FC >1.2 = significantly upregulated, FC <0.83 = significantly downregulated, P<0.05 = significant difference. FC, fold change; S, sporadic; TSC, tuberous sclerosis complex; LAM, lymphangioleiomyomatosis.

Indicators of differences between S-LAM patients and healthy controls

There were 10 different lipoprotein indexes between these groups, mainly the sixth components of LDL, specifically V5FC, L3TG, L6CH, L6TG, L6FC, L6PL, L6PN, L6AB, H1A2, H2A2. There were 18 differential metabolites, including methionine, acetic acid, alanine, histidine, acetoacetic acid, dimethyl sulfone, N,N-dimethylglycine, 3-hydroxybutyric acid, acetone, ornithine, lysine, succinic acid, threonine, creatine, glutamic acid, trimethylamine N-oxide, isoleucine, and 2-aminobutyric acid (all P<0.05 and FC >1.2 or <0.83, Table 2).

Indicators of differences between TSC-LAM patients and healthy controls

There were 14 different lipoprotein indexes between these two groups, mainly the sixth components of LDL, specifically V4CH, V4PL, V5FC, IDPN, IDAB, L5FC, L6CH, L6TG, L6FC, L6PL, L6PN, L6AB, H4FC, H4PL. There were 8 differential metabolites, including acetic acid, creatinine, methionine, alanine, ornithine, lysine, trimethylamine N-oxide, and glutamic acid (all P<0.05 and FC >1.2 or <0.83, Table 2).

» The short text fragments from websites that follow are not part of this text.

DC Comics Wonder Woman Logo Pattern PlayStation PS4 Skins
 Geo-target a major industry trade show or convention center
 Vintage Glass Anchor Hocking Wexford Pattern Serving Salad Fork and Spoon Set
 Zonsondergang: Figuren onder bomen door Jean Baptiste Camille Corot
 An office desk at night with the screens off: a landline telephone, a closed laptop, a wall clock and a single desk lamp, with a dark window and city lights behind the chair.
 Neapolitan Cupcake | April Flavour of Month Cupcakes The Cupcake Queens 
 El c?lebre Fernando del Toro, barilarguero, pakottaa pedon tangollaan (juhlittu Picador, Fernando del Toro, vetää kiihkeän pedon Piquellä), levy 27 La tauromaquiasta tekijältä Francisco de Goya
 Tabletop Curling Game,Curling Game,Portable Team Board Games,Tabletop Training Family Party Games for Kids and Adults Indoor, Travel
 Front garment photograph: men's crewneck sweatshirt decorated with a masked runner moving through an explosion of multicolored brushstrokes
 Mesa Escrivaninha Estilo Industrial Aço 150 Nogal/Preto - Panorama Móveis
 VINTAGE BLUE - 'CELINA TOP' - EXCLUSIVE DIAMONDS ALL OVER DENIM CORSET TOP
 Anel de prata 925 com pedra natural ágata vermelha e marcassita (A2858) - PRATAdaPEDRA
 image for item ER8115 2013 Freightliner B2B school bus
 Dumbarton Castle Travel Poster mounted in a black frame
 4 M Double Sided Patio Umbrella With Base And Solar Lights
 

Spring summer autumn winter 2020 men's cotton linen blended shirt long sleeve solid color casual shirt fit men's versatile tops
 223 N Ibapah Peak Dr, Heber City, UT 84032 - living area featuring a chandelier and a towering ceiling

Indicators of differences between S-LAM and TSC-LAM

The metabolites with significant difference between S-LAM and TSC-LAM were creatinine and acetone (all P<0.05 and FC >1.2 or <0.83, Table 2). There was no significant difference in lipoprotein between the two subgroups.

Model building

Selection of indicators with significant difference between LAM patients and healthy controls for logistic regression analysis

The 15 differential lipoprotein indexes and 18 differential metabolites obtained by comparing LAM patients with healthy controls were modeled by logistic regression. The high-frequency indexes appearing in the modeling were acetic acid, alanine, methionine, sarcosine, creatine, V5FC, 2-aminobutyric acid, glutamic acid, histidine, H2A2, threonine, L3TG, and isoleucine (Figures 2,3).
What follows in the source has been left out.